In July, a judge said the case may go to trial, and a scheduling conference for the trial is set for Oct. 3, he said.
Hindin, who is best known for developing what became the Waldorf Astoria Park City, is accused of several felonies. The list of charges filed in 3rd District Court includes two counts of theft by deception, communications fraud, two counts of forgery and "unlawful dealing with property by fiduciary."
The acts are believed to have occurred in 2007 and reported in 2009. Charges were filed in 2010.
Simply put, Bates said, it is believed Hindin used the power of attorney he possessed for clients to transfer their deeds for property near Canyons to himself, and then used those deeds as collateral to secure new loans.
If true, the transferring of deeds to himself was illegal, and the use of them as collateral was illegal, Bates explained.
"I hope there will eventually come a point in this case where Hindin will be held accountable for the fraud we believe he perpetrated and will pay restitution and perhaps serve jail time," Bates said. "I don't want to find at that time he's living in the Bahamas and I have to extradite him from a foreign country. I just don't know where he's at."
Laser and a friend of Hindin's were contacted for comment, but neither returned messages.
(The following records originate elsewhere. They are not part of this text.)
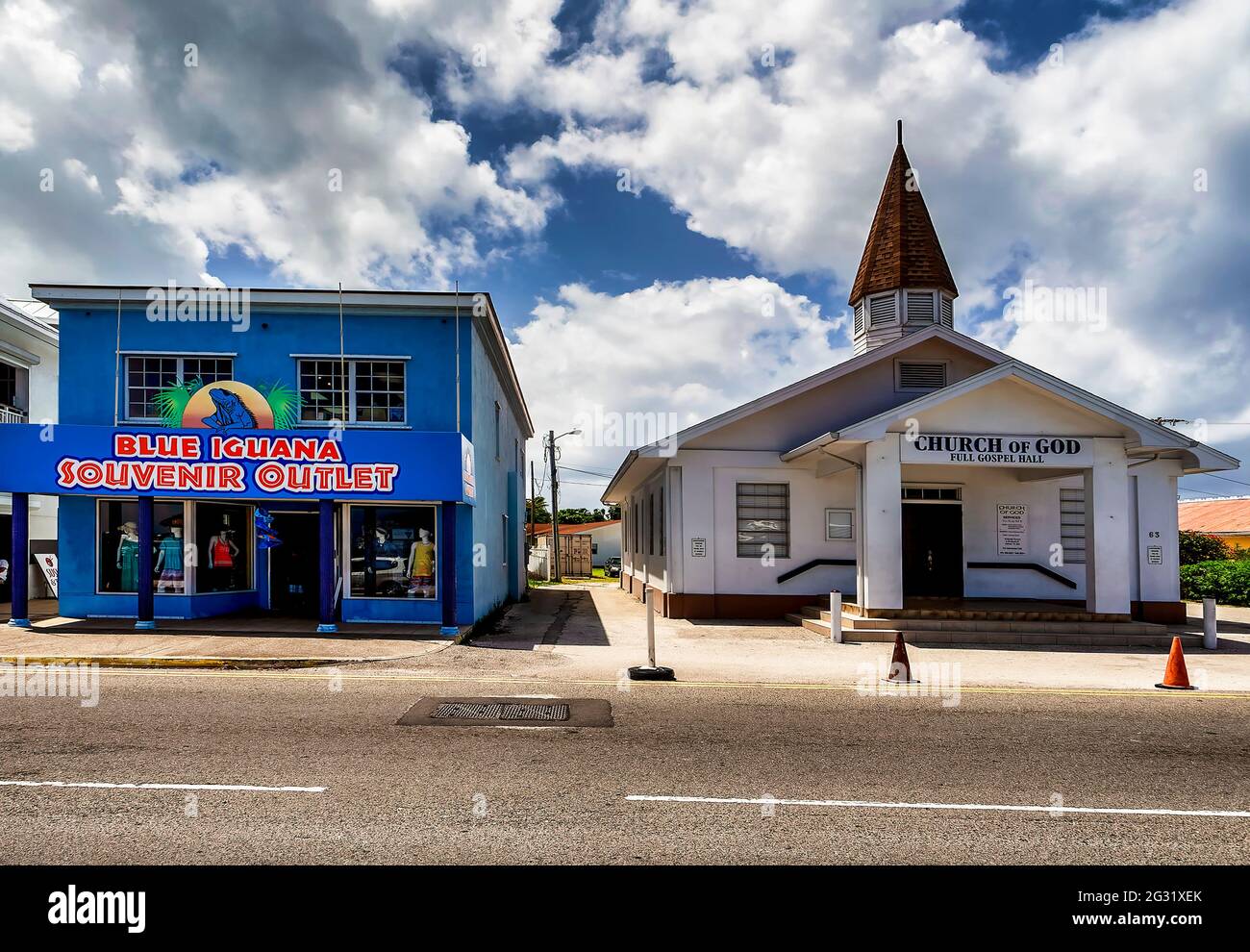 George town cayman street hi-res stock photography and images - Alamy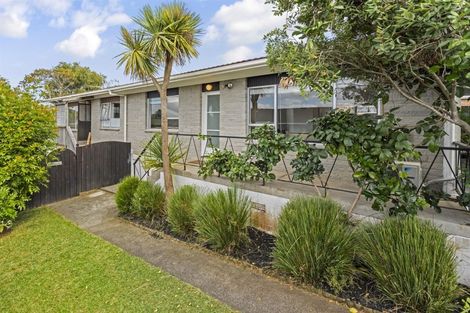 Photo of property in 1/7 Addison Drive, Glendene, Auckland, 0602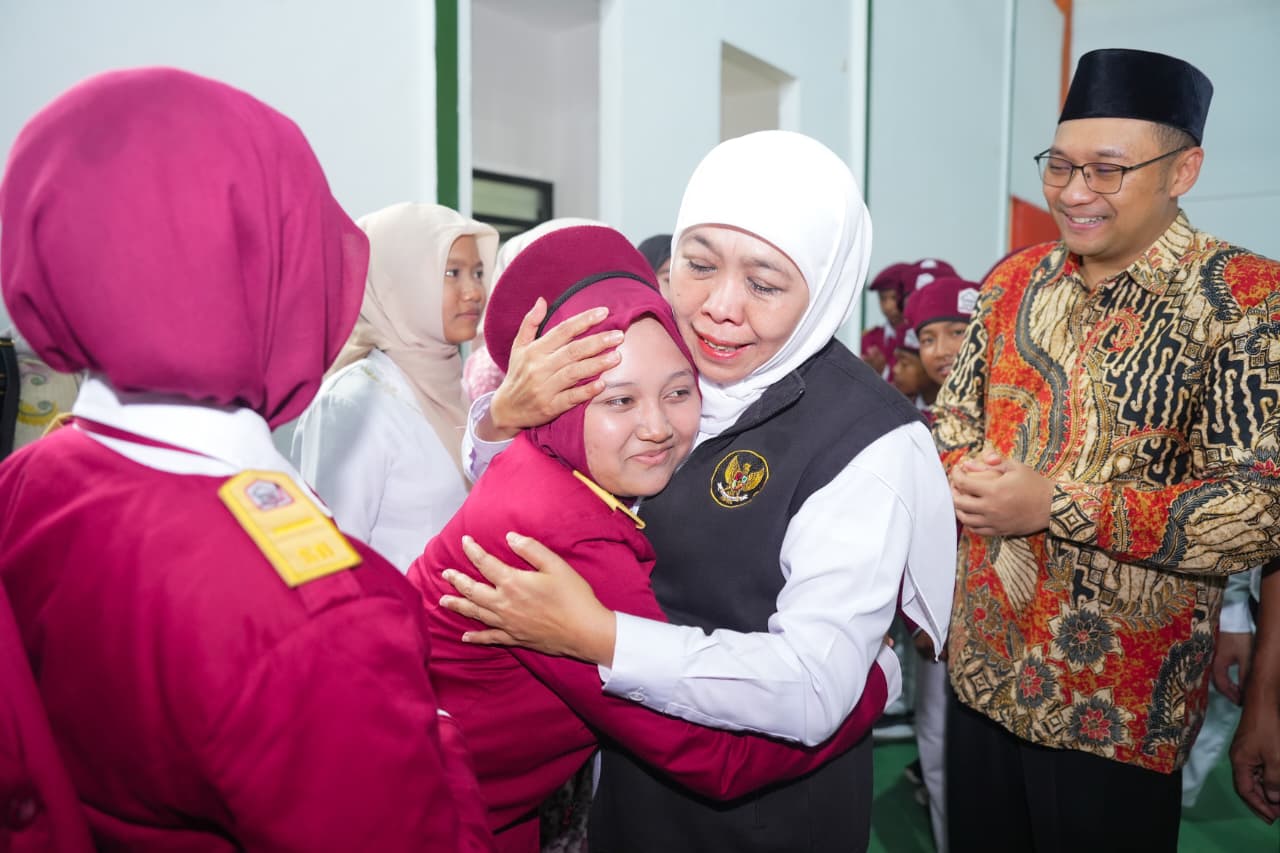 Rayakan Hardiknas Bersama Siswa Sekolah Rakyat SRMP 15 Mojokerto, Gubernur Khofifah Bangga Siswa Fasih Pidato Lima Bahasa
Holding people accountable for misdeeds committed during the building boom of 2007-2008 has proven tricky since impropriety was widespread. Brickey said that any time victims come forward and evidence is found, he will take action.
"We want to avoid this kind of thing happening in the future Someone has been hurt," he said. "If Hindin turns out being the poster child for bad behavior, sorry; I didn't suggest years ago for him to behave the way he did. He chose that, not the victim or me."